No entanto, registei a tentativa de introdução de ruídos artificiais nos carros elétricos que se deslocam em cidade como uma atenção para com um conjunto de pessoas que merece o nosso particular cuidado dadas as suas limitações neste aspeto específico. Ao mesmo tempo, pensei que seria apenas uma questão de tempo até que a maioria dos carros se tornassem silenciosos e aí, com menor ruído em geral, seria possível eliminar o ruído artificialmente introduzido. Não sei o que aconteceu depois, até porque agora me desloco de bicicleta e apenas conduzo carros emprestados ou alugados.
Tudo isto significa que a introdução de uma mais-valia tecnológica, como os automóveis sem emissões, pode acarretar alterações ao quotidiano como o conhecemos e de formas que, pelo menos eu, não antecipei. E isso voltou a repetir-se…

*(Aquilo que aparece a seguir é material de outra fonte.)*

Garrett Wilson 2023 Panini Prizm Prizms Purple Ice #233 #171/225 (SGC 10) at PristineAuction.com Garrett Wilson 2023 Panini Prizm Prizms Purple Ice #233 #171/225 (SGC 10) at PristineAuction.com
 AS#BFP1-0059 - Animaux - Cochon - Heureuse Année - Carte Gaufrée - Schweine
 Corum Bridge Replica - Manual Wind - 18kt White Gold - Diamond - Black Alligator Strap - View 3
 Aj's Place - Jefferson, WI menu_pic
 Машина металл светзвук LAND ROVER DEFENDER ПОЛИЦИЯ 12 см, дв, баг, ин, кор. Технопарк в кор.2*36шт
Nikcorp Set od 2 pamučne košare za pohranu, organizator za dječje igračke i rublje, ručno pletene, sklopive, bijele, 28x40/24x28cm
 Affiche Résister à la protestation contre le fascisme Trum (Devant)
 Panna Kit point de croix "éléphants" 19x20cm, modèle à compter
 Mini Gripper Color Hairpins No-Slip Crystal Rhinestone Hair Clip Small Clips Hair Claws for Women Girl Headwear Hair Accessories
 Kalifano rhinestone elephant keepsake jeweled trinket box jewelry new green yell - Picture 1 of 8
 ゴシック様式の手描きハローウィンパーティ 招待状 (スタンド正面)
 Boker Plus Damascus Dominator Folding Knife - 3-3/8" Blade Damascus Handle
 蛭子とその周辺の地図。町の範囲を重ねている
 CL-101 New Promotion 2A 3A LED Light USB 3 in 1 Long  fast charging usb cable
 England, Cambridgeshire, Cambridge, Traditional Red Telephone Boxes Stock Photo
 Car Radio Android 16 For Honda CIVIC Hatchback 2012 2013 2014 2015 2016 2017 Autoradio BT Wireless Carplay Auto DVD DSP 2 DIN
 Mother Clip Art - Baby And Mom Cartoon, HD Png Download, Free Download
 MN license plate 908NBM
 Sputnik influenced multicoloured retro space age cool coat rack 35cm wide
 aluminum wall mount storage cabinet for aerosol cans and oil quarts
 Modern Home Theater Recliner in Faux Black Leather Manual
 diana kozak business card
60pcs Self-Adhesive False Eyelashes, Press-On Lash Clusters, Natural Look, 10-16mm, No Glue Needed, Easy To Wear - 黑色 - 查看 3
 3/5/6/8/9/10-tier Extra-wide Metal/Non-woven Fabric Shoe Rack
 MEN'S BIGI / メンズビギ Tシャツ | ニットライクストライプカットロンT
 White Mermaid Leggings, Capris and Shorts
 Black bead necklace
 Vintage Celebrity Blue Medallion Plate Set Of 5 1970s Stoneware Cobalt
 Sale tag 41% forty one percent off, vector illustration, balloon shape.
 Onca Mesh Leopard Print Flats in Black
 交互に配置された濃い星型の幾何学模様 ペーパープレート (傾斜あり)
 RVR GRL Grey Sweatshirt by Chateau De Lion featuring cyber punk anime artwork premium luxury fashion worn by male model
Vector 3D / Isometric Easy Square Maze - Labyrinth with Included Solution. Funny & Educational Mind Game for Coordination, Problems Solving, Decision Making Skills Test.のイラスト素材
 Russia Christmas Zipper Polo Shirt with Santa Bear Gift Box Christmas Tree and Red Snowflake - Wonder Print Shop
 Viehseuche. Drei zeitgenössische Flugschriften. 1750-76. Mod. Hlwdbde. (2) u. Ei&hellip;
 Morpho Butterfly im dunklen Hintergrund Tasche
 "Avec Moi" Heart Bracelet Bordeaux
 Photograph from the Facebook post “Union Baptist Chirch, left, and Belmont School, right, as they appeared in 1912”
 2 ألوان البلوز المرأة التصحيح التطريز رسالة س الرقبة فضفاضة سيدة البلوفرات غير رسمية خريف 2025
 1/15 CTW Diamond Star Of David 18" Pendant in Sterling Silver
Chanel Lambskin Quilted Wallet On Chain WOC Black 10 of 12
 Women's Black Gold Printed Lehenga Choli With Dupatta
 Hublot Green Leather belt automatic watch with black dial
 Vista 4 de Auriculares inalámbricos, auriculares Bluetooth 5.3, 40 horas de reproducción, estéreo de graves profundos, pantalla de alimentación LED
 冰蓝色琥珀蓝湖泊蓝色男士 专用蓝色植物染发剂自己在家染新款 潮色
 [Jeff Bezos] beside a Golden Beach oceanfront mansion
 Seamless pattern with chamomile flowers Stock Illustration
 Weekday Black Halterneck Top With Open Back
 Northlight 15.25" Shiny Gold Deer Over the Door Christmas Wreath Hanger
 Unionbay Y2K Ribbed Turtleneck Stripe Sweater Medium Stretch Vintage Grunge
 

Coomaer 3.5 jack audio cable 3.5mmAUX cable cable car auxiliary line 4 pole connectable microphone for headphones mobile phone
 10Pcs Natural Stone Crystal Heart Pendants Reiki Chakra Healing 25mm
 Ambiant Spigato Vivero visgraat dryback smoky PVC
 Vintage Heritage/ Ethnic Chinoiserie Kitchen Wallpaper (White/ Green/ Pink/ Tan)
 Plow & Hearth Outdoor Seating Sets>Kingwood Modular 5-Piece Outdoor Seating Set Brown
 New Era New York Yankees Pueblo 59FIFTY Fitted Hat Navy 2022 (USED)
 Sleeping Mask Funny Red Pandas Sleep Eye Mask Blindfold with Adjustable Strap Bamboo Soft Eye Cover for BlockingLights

Aqui no Luxemburgo, as pessoas são estimuladas pelo rendimento e pelas regras fiscais estabelecidas a trocar de carro com uma frequência mais elevada do que em qualquer outro sítio onde eu tenha estado. Isso significa que o parque automóvel, em todas as gamas, é muito recente e tem, por isso, todas as novidades tecnológicas que estejam a despontar.
Uma dessas novidades é a deteção automática de peões e bicicletas. Descobri isso da pior forma. Talvez não da pior, visto que ninguém se magoou, mas, pelo menos, de uma forma nada simpática.
Num parque de estacionamento, resolvi passar muito perto da frente de um carro que estava a recuar. Estando com as luzes de recuo acesas, eu sabia que a minha bicicleta poderia passar à frente do carro sem qualquer problema de segurança. Apenas o carro não o sabia e disparou os alarmes internos. A senhora idosa que conduzia a viatura, resultado do enorme susto e consequente irritação, apitou imenso. Desconhecendo o que tinha sucedido dentro do veículo e pensando que estava aflita, voltei atrás e tentei ajudar. Para minha surpresa, fui brindado com um conjunto de insultos que desconhecia dado estarem a ser ditos em luxemburguês. Depois de perceber o que tinha acontecido, pedi desculpa e tentei acalmar a senhora. Penso que ficámos bem…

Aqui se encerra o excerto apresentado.